We ended up ordering prix fixe, since it was Restaurant Week, so let me survey the rest of the regular menu, to give you a further idea of opportunities and prices. This is a good place to spread out an array of small dishes, tapas style, since their appetizers, salads, and "Lighter Fare" outnumber their four pastas and nine entrées. Those starters include fried panko-crusted green tomatoes ($8) complemented with ricotta and both pesto and tomato sauce. Another item, "Half Pint Shrimp" ($12), solves the quantity question directly; the champagne-battered shrimp come with both a cherry pepper salsa and chili aïoli.
Of course there is linguine and clams, ($19) among the pastas — this is Rhode Island, not some savage backwater. But what looked most fascinating to me, for my next visit, is the farfalle aragosta ($23), not only sautéed lobster but salmon and English peas in a white truffle and goat cheese cream sauce. Decadent. There were some nice touches among the entrée descriptions: steamed ginger avocado rice with pan-seared tuna ($22); a strawberry and Gorgonzola couscous with sugar-glazed salmon ($17).

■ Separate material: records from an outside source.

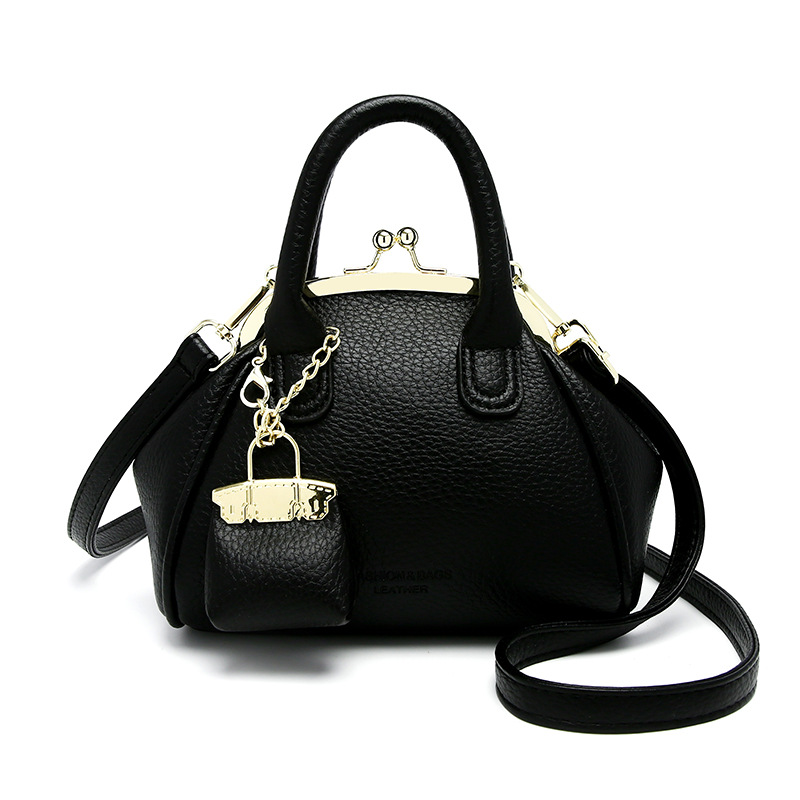 Venta al por mayor primavera y verano nuevo estilo bolso femenino retro bolso de clip bolso de mano moda todo fósforo bolso pequeño de mensajero de un solo hombro femenino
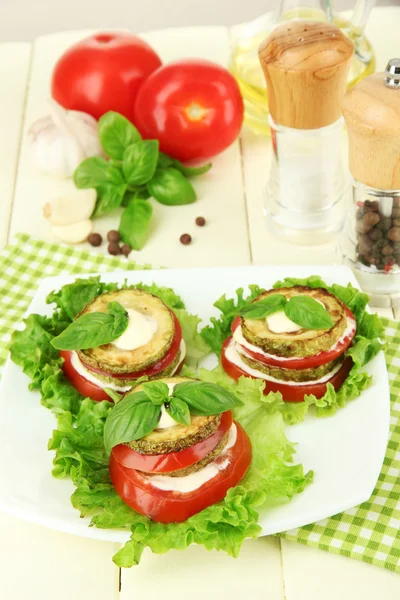 Sabroso tueste de médula y rodajas de tomate con hojas de ensalada, sobre fondo de madera — Foto de Stock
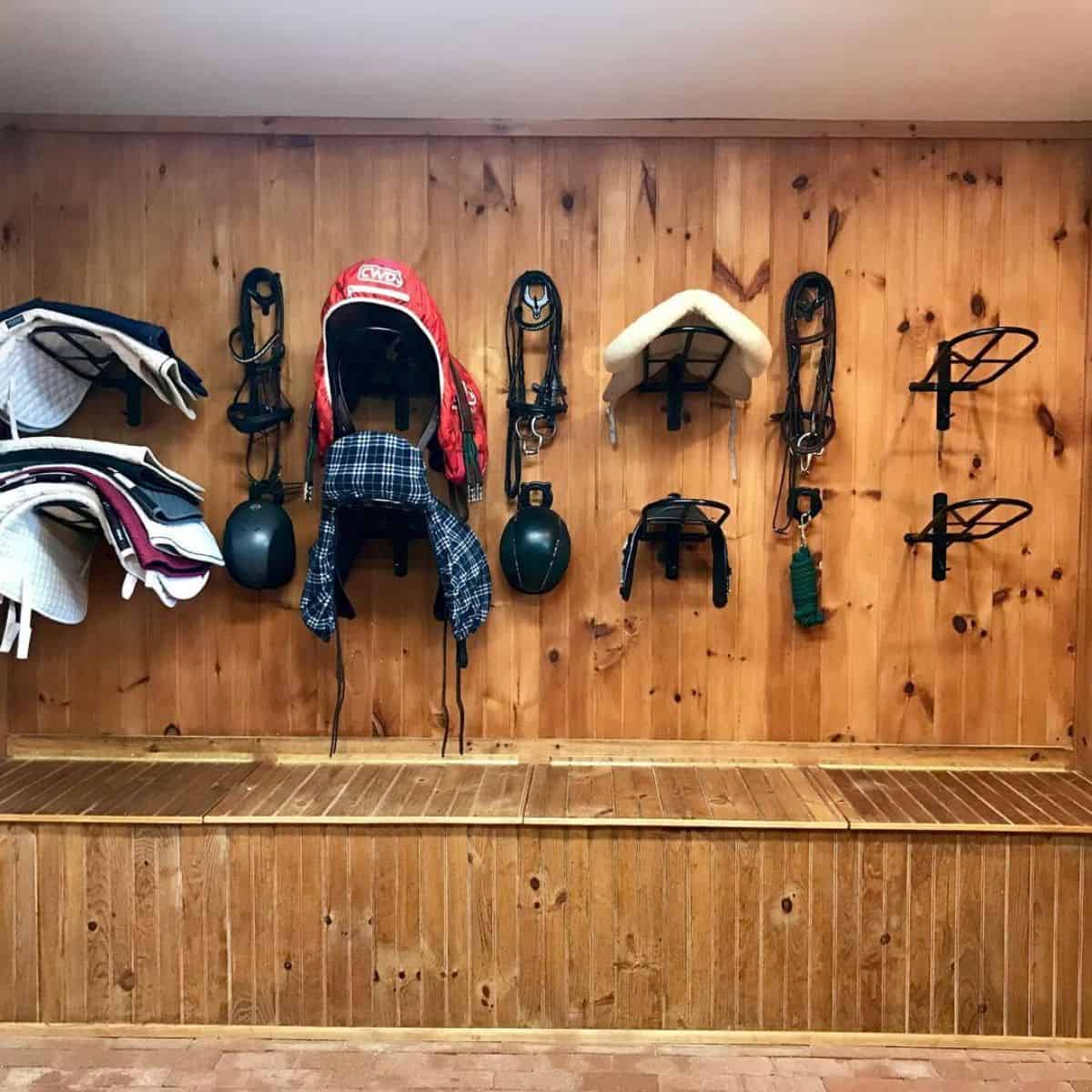 A tack room with halters, helmets, saddles, and bridles hangs on a wooden wall.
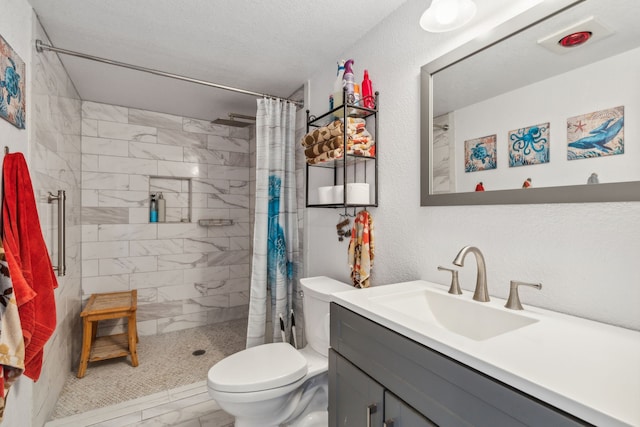 bathroom with tile patterned floors, vanity, a textured ceiling, a shower with shower curtain, and toilet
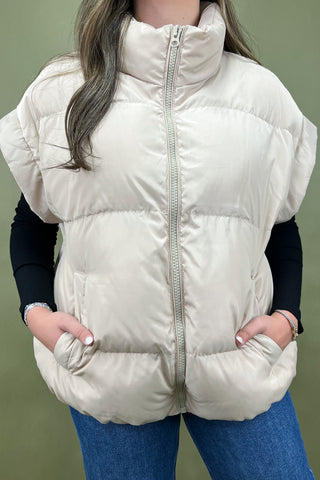 Person wearing a beige puffer vest against a green background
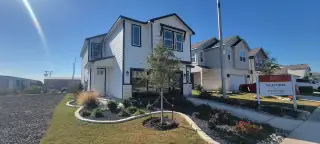 Stylish modern home with black trim and landscaped garden in Talley Fields - The View Series by View Homes (San Antonio, TX).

As for their delectability, our off-menu exploration was satisfying. Since one of their appetizers was described as having only three littlenecks, we were pleasantly surprised that it was of massive proportion, pumped up with pieces of fennel sausage and white beans over crostini, in a briny white wine "sea broth" of clam juice. Superb. Johnnie's salad of baby field greens was equally enjoyed, amped up as it was with fresh figs, candied walnuts, and three large rolls of prosciutto di Parma, all tossed with a pomegranate vinaigrette.